From the line that contains "Small Desktop Organizer" down to the last line of the listing below, reproduce each line exactly but not the pictures.
EXTRACTED INFORMATION: Begin
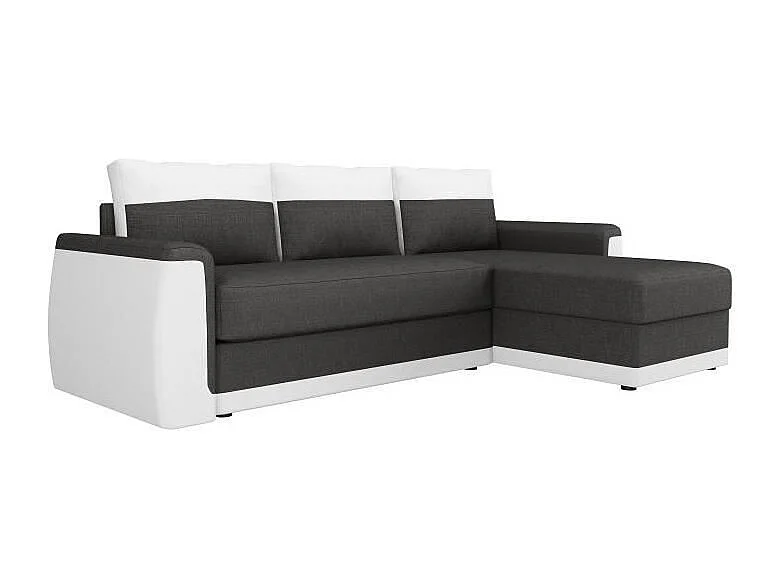 JAMES Canape dangle convertible 3 places + Coffre de rangement - Simili blanc et tissu gris anthracite - L 230 x P 142 cm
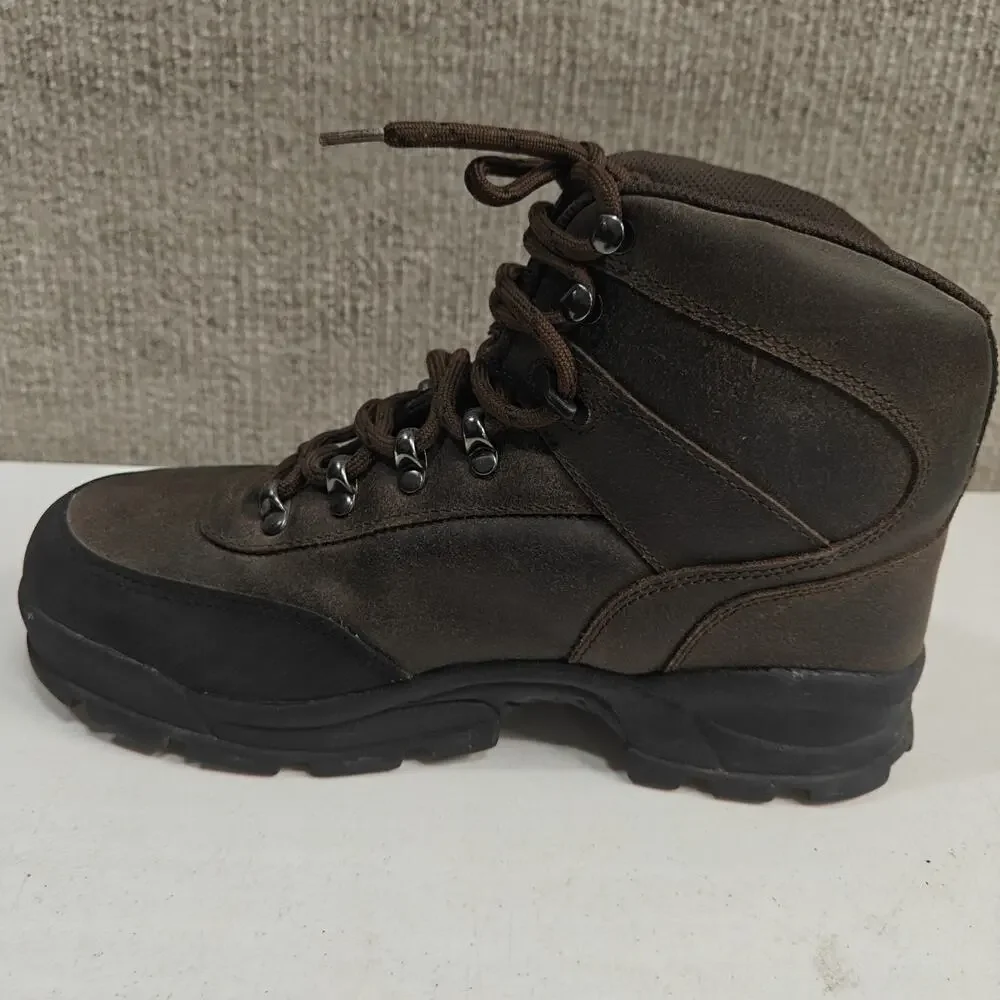 Wolverine Men's Size 8.5 Brown Leather Safety Work Hunting Boots Mid-Calf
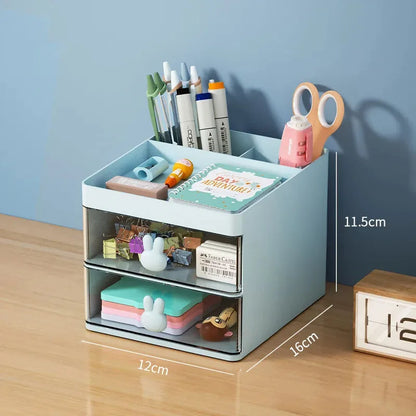 Small Desktop Organizer with Drawers & Storage Box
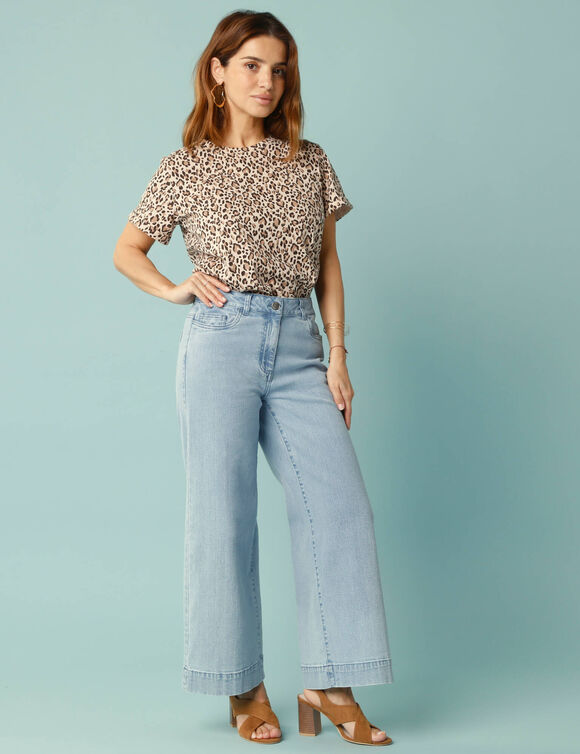 Jean taille haute Spécial Petites entrej. 60 cm, coupe large 7/8ème (bleached)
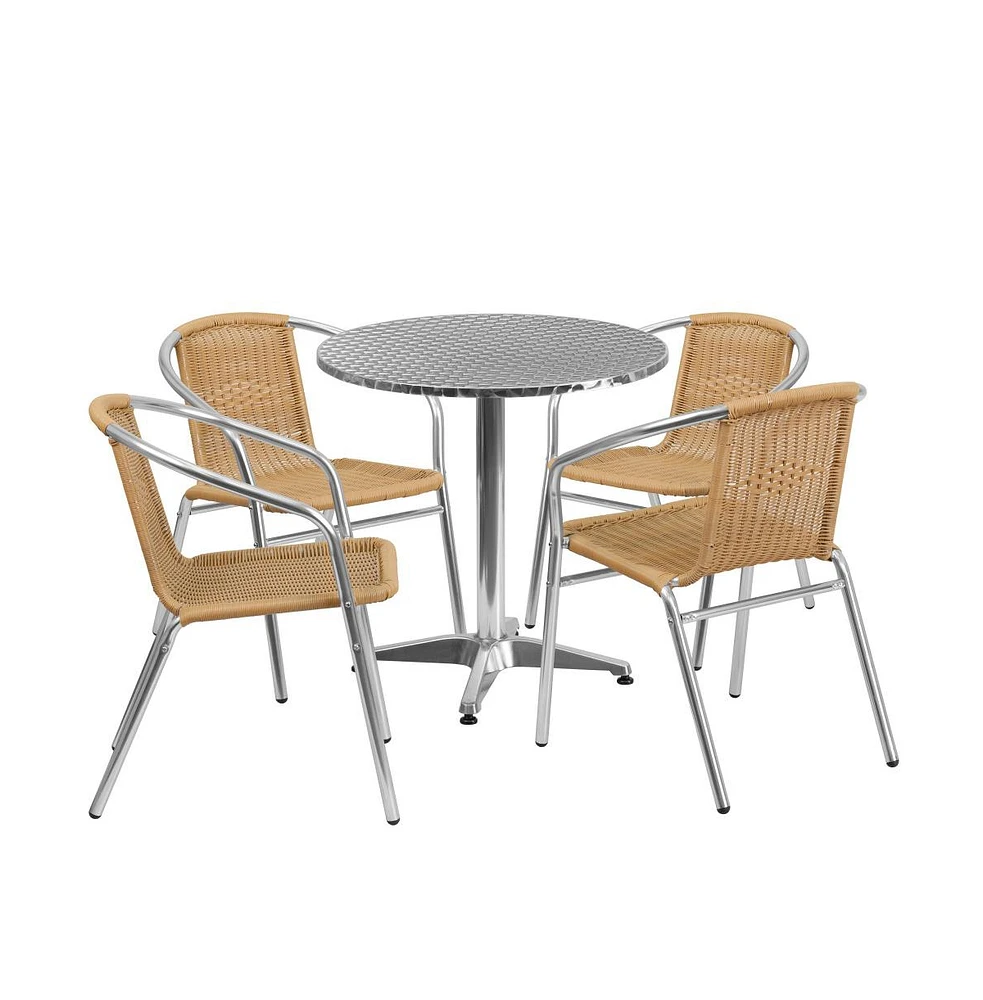 27.5" Round Aluminum Garden Patio Table Set With Rattan Chairs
EXTRACTED INFORMATION: End
__REPLY TO THE EXERCISE__
 Small Desktop Organizer with Drawers & Storage Box
 Jean taille haute Spécial Petites entrej. 60 cm, coupe large 7/8ème (bleached)
 27.5" Round Aluminum Garden Patio Table Set With Rattan Chairs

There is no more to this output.